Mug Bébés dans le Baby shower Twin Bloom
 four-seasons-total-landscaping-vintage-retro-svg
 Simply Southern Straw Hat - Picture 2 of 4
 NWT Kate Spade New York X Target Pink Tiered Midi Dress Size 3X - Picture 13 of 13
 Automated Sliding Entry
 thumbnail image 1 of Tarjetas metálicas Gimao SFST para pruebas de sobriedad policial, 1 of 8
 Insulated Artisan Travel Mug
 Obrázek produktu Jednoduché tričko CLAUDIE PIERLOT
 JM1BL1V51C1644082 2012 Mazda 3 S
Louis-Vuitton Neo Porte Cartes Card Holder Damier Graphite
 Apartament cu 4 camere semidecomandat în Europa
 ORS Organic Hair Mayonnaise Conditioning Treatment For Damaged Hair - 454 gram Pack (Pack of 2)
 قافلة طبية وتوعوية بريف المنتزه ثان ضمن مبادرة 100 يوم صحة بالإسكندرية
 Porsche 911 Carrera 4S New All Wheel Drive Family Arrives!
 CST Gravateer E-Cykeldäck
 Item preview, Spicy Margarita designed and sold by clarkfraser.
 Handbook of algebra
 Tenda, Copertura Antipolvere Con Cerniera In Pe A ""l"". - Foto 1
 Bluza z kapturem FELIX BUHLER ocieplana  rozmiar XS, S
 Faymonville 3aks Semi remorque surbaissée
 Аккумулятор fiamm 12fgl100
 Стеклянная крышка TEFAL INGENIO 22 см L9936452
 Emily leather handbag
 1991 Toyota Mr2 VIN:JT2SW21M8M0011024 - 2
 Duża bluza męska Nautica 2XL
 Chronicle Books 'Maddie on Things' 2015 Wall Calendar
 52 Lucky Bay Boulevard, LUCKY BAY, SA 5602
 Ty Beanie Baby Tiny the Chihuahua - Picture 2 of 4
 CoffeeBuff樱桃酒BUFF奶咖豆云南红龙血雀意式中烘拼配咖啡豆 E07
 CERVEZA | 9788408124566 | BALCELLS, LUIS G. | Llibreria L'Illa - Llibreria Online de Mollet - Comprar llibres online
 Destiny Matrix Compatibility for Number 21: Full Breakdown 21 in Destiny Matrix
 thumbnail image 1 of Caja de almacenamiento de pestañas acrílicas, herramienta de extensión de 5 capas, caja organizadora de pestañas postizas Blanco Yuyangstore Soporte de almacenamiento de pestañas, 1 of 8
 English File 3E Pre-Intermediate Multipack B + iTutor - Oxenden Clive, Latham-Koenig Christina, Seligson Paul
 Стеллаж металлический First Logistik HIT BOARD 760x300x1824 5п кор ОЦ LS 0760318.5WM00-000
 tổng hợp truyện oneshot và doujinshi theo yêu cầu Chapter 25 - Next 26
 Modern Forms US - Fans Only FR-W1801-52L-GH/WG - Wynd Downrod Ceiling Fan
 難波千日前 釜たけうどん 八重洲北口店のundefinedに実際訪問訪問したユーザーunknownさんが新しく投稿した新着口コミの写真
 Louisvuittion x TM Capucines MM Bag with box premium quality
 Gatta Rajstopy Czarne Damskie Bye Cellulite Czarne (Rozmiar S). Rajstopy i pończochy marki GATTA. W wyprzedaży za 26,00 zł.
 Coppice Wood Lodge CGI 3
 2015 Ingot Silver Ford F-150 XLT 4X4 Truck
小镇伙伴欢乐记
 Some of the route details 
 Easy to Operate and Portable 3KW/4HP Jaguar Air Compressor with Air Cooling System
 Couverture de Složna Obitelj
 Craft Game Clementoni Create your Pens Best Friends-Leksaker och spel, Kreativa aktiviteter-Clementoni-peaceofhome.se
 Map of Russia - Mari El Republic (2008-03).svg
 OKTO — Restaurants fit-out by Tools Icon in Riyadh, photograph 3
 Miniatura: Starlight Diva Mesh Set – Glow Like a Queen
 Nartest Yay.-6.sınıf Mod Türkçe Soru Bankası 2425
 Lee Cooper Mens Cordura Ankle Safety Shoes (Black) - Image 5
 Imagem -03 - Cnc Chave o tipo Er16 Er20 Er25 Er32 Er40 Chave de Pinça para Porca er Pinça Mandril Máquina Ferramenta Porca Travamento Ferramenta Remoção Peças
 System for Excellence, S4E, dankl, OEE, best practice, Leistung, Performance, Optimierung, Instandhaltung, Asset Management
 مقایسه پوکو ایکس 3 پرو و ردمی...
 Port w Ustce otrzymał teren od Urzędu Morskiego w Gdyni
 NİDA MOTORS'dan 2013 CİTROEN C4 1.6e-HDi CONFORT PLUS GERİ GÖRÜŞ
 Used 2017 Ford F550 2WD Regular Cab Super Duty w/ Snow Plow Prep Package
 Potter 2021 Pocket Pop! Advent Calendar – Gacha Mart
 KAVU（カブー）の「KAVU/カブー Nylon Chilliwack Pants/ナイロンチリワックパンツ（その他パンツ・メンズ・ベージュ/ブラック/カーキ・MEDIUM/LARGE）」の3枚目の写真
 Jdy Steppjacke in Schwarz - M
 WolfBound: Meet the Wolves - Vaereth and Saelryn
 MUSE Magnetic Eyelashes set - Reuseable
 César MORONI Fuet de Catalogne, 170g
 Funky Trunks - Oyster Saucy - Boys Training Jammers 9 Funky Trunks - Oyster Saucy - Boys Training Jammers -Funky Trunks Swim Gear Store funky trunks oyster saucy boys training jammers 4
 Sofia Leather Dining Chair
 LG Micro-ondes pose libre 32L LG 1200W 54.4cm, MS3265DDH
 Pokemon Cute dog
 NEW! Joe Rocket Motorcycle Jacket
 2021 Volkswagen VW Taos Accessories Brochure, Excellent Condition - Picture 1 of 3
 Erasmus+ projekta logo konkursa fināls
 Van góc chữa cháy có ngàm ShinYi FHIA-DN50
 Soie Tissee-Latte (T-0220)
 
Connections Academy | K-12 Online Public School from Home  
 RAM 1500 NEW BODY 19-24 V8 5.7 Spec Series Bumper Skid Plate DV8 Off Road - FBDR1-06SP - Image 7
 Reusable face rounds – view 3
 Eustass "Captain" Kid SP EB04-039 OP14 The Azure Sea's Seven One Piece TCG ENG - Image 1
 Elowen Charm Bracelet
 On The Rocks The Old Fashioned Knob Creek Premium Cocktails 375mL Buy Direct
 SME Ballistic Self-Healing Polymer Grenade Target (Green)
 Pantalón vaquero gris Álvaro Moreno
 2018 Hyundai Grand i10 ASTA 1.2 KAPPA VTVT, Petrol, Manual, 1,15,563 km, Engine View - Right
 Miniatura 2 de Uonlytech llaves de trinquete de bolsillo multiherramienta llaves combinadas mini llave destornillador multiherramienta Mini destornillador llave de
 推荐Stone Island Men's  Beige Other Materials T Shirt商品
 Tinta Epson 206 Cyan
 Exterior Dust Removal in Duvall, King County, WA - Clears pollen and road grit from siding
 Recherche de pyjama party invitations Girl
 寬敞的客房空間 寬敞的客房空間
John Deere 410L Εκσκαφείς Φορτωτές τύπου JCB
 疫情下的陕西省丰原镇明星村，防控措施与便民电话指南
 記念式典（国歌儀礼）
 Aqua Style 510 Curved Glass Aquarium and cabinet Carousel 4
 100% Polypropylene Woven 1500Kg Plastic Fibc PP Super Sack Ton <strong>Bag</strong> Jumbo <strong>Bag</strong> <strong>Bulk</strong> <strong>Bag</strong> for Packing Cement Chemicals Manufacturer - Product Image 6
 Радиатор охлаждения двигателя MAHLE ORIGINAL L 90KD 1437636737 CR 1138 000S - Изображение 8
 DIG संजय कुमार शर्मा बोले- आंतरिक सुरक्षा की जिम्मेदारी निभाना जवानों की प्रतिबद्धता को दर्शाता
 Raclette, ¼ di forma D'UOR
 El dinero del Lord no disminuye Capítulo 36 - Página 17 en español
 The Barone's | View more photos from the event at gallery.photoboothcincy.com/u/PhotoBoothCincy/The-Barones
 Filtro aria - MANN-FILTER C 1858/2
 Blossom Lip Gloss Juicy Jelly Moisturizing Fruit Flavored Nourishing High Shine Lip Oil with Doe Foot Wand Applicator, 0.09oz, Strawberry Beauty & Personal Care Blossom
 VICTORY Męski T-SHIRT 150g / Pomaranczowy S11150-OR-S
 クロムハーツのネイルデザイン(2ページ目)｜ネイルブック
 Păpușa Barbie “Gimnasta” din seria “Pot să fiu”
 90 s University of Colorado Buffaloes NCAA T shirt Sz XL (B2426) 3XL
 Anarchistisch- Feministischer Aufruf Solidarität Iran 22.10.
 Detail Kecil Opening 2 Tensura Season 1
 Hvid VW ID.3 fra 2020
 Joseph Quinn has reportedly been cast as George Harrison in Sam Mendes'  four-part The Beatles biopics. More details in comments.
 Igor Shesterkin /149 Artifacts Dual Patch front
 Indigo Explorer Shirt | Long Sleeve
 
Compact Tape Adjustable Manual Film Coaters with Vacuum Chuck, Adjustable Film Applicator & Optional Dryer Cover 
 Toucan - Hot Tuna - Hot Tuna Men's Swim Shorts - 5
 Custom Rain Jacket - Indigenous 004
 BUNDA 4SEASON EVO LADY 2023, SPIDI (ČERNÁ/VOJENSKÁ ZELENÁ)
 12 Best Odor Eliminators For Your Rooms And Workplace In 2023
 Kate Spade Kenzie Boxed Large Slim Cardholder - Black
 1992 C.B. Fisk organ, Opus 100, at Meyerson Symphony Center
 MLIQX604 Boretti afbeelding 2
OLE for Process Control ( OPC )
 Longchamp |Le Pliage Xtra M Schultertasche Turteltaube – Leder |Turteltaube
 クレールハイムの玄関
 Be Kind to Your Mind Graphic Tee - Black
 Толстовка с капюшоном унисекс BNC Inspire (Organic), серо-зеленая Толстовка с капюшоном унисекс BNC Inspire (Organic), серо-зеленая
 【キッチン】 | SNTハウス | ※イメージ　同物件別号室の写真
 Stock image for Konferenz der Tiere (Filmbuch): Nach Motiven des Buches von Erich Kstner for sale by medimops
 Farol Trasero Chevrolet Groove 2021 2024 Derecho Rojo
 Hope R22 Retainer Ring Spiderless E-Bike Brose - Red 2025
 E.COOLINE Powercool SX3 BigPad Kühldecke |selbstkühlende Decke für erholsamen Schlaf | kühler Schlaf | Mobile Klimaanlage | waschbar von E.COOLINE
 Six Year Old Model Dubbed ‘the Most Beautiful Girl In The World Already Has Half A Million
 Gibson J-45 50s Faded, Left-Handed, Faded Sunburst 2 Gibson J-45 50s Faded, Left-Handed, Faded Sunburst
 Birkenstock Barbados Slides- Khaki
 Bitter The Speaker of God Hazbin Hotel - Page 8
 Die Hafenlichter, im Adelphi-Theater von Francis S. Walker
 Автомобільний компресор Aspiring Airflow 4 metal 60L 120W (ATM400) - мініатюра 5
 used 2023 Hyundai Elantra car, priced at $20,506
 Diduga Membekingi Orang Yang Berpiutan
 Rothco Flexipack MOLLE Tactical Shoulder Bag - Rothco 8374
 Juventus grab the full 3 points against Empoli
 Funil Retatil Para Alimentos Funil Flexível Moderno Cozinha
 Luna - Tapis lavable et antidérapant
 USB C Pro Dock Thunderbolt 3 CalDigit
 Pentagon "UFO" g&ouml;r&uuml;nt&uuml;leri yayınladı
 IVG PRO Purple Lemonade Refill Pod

....................

## What you are asked to do
From the material above, set down exactly the lines between the line holding "Imagem -03 - Cnc" and the line holding "Soie Tissee-Latte (T-0220)", inclusive. Include nothing else.

## Solution to the exercise
 Imagem -03 - Cnc Chave o tipo Er16 Er20 Er25 Er32 Er40 Chave de Pinça para Porca er Pinça Mandril Máquina Ferramenta Porca Travamento Ferramenta Remoção Peças
 System for Excellence, S4E, dankl, OEE, best practice, Leistung, Performance, Optimierung, Instandhaltung, Asset Management
 مقایسه پوکو ایکس 3 پرو و ردمی...
 Port w Ustce otrzymał teren od Urzędu Morskiego w Gdyni
 NİDA MOTORS'dan 2013 CİTROEN C4 1.6e-HDi CONFORT PLUS GERİ GÖRÜŞ
 Used 2017 Ford F550 2WD Regular Cab Super Duty w/ Snow Plow Prep Package
 Potter 2021 Pocket Pop! Advent Calendar – Gacha Mart
 KAVU（カブー）の「KAVU/カブー Nylon Chilliwack Pants/ナイロンチリワックパンツ（その他パンツ・メンズ・ベージュ/ブラック/カーキ・MEDIUM/LARGE）」の3枚目の写真
 Jdy Steppjacke in Schwarz - M
 WolfBound: Meet the Wolves - Vaereth and Saelryn
 MUSE Magnetic Eyelashes set - Reuseable
 César MORONI Fuet de Catalogne, 170g
 Funky Trunks - Oyster Saucy - Boys Training Jammers 9 Funky Trunks - Oyster Saucy - Boys Training Jammers -Funky Trunks Swim Gear Store funky trunks oyster saucy boys training jammers 4
 Sofia Leather Dining Chair
 LG Micro-ondes pose libre 32L LG 1200W 54.4cm, MS3265DDH
 Pokemon Cute dog
 NEW! Joe Rocket Motorcycle Jacket
 2021 Volkswagen VW Taos Accessories Brochure, Excellent Condition - Picture 1 of 3
 Erasmus+ projekta logo konkursa fināls
 Van góc chữa cháy có ngàm ShinYi FHIA-DN50
 Soie Tissee-Latte (T-0220)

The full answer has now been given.